We selected a 3-way GTX 260 Core 216 graphics solution for our $2,500 PC with hopes of greater gaming performance, particularly in Crysis, at a lower price. Let’s take a quick look at the overall gaming performance difference before considering value.
Crysis performance was improved, but at a cost in other games. The win is far more significant than the losses when one considers that Crysis is the only game that actually needed the additional performance simply to be playable at the targeted 1920x1200 pixel resolution. Still, the average of all games must be used for determining value.
GTX 280 graphics cards were far more expensive when we chose our components over a month ago. Currently, the overclocked GTX 260 Core 216 model we used costs $260 per card, which is far from the cheapest current model. We had overclocked our GTX 280 samples by the same amount, and the closest-matching card from the same manufacturer currently costs $400. What was previously a savings of around $100 has thus dropped to only $20. Let’s see how much this shrinks the value difference.

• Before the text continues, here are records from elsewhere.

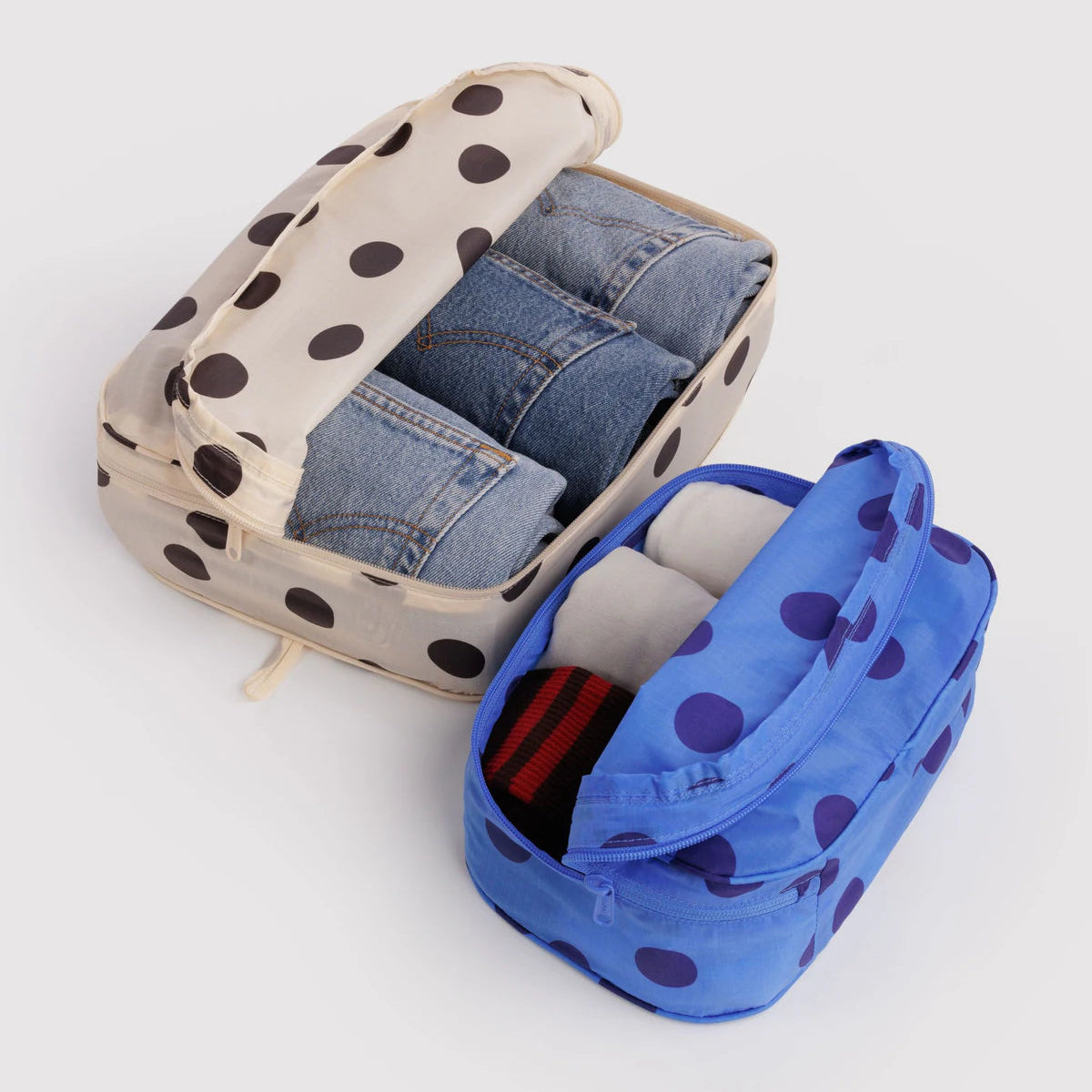 Baggu Packing Cube Set - Polka Dot Mix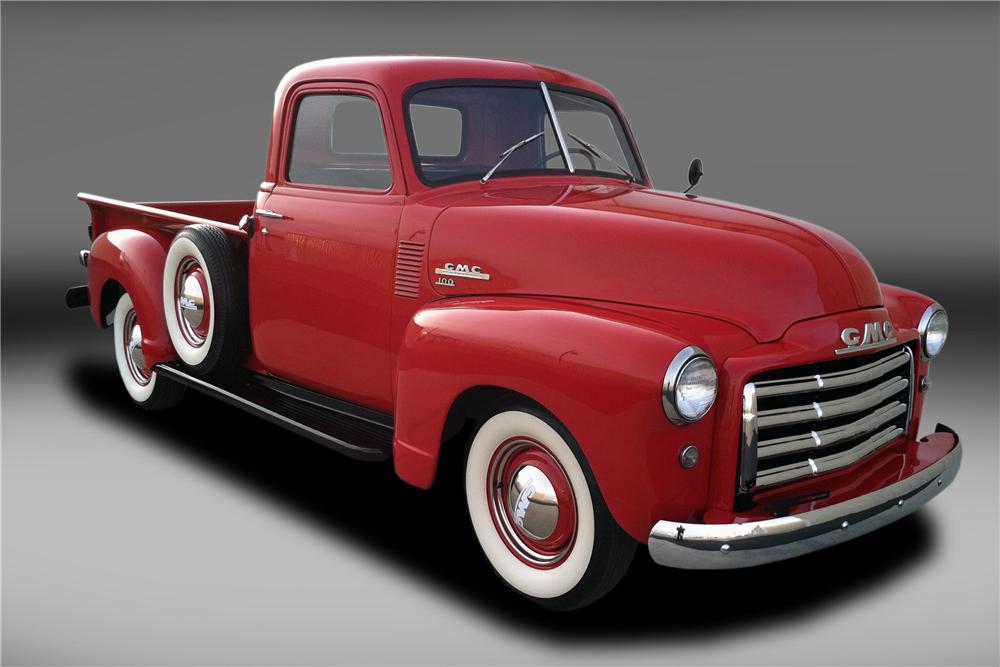 GMC Pickup 1950 #8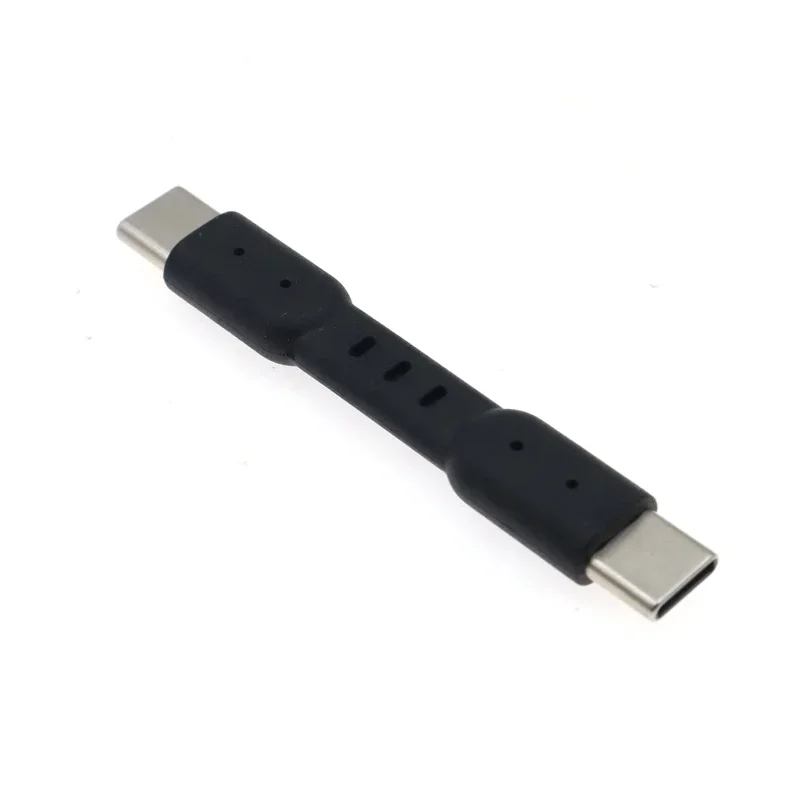 para E1da 9038d Dac Dispositivo Samsung Ssd t5 Usb c 180 Graus Synchronous Cabo de Carregamento 5gbps Otg tipo c Macho para Macho Adaptador Cabo - Imagem 2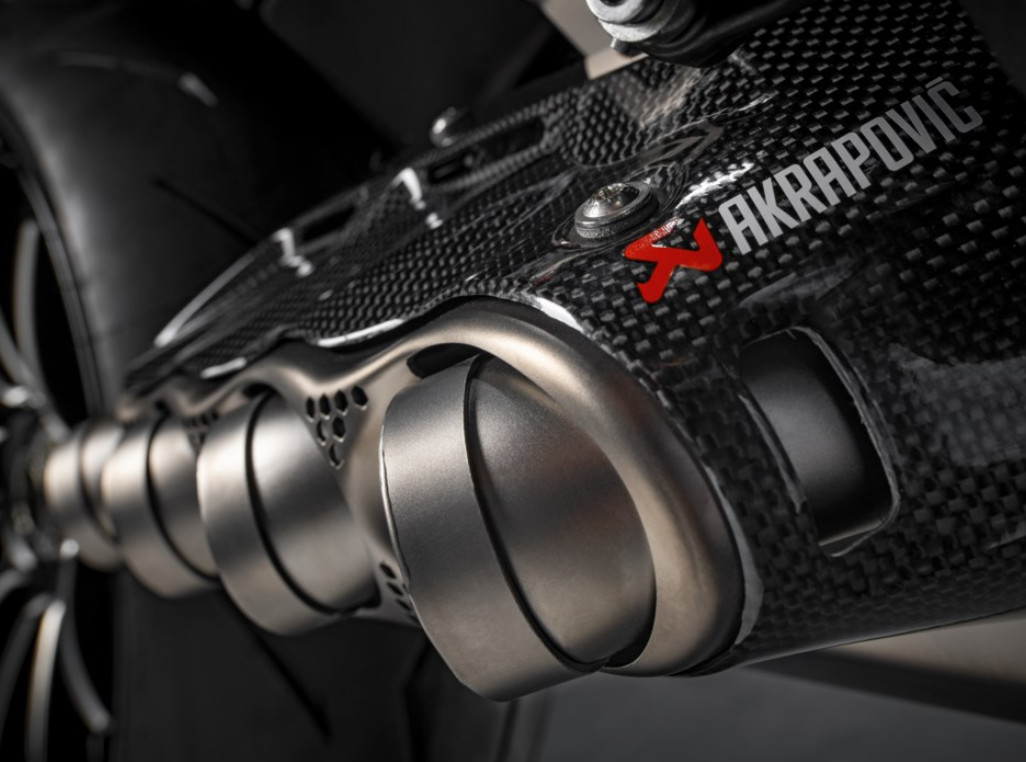 ESCAPE COMPLETO RACING DUCATI XDIAVEL V4 - Imagen 2
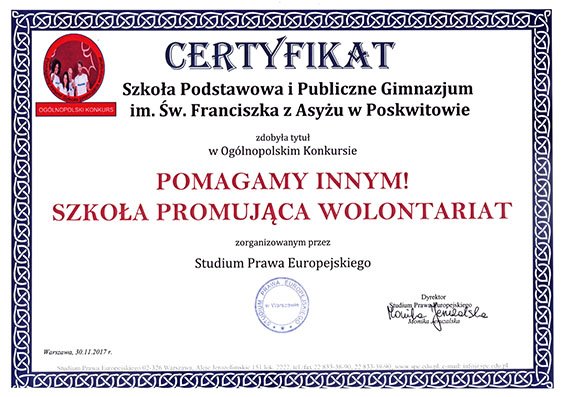 certyfikat pomagamy innym 2017 tabl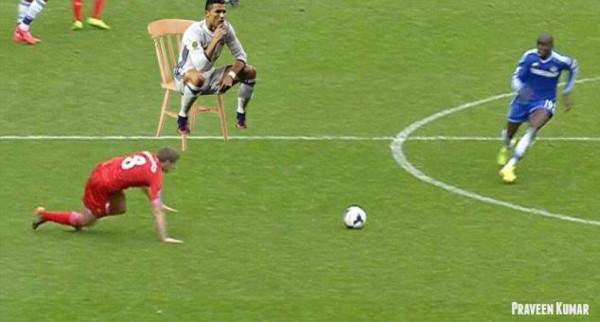 Los memes de la celebración de CR7 en el derbi de Madrid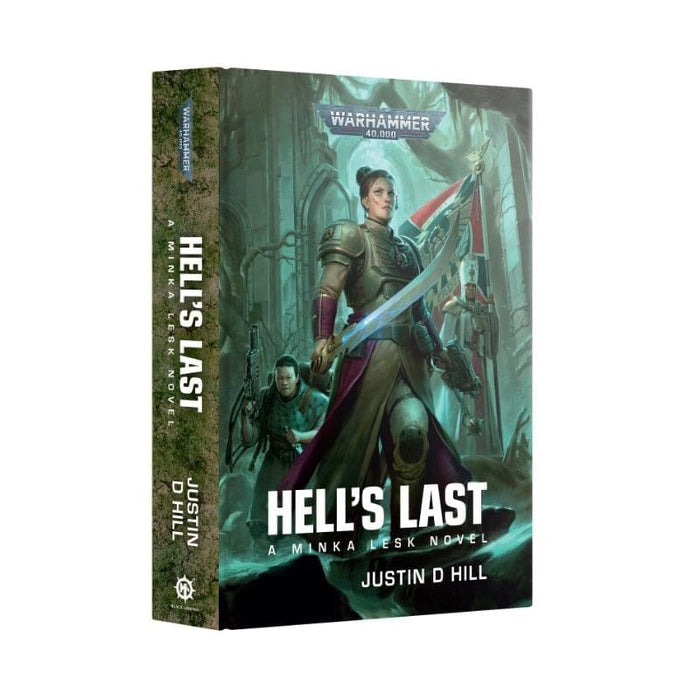 Minka Last - Hell's Last (Hardback) (Preorder - 08/03/2025 Release)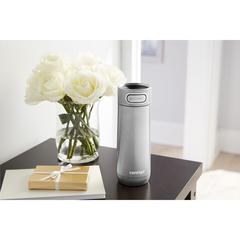 Vue Contigo® Luxe AUTOSEAL® 360 ml gobelet thermos de couleur gris| Krokrodeal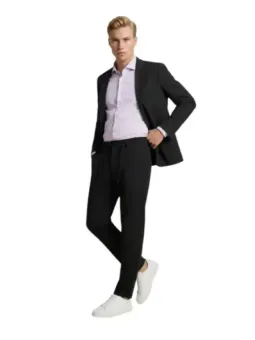 Yos Herren Anzug Schwarz mieten | Flex-Fashion Verleih-Shop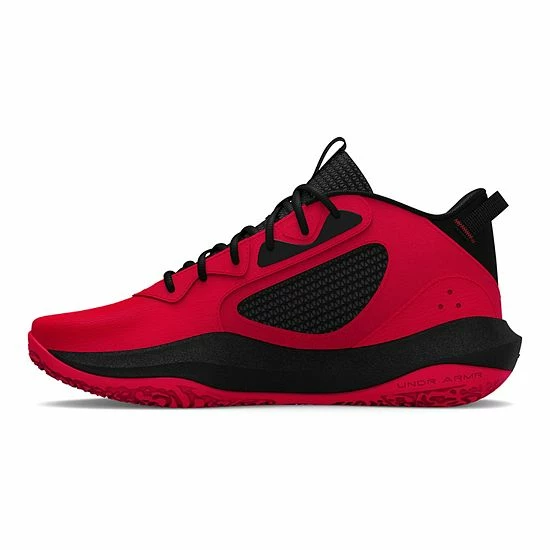 Under Armour Lockdown 6 Unisex Basketball Shoes Black 2 Under Armour Lockdown 6 Unisex Basketball Shoes Black - Image 2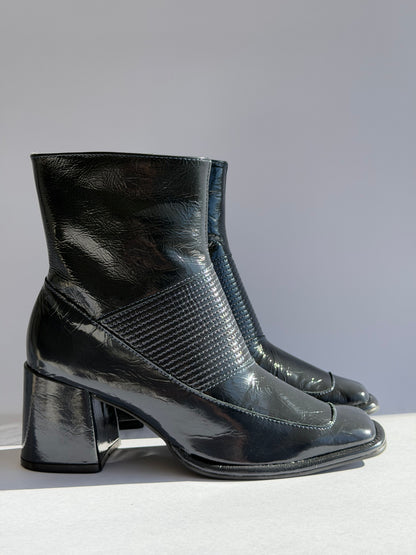 Botines Nadia Azul Marino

Though the 3-way SLI configuration does have slightly better value, it’s hard to imagine that anyone today would choose a motherboard specifically to support it. What appeared to be a value coup only five weeks ago has become nothing more than a footnote, thanks to falling prices on Nvidia’s current top model as the company prepares to launch its “next big thing.”
To answer the question posed at the beginning of this piece, no. Three of a kind doesn't always beat a pair. Five weeks ago, three GeForce GTX 260 Core 216s would have saved you $100 over the price of two GTX 280s. But today, in light of the cards Nvidia is expected to launch at this year's CES, the difference is nearly a wash.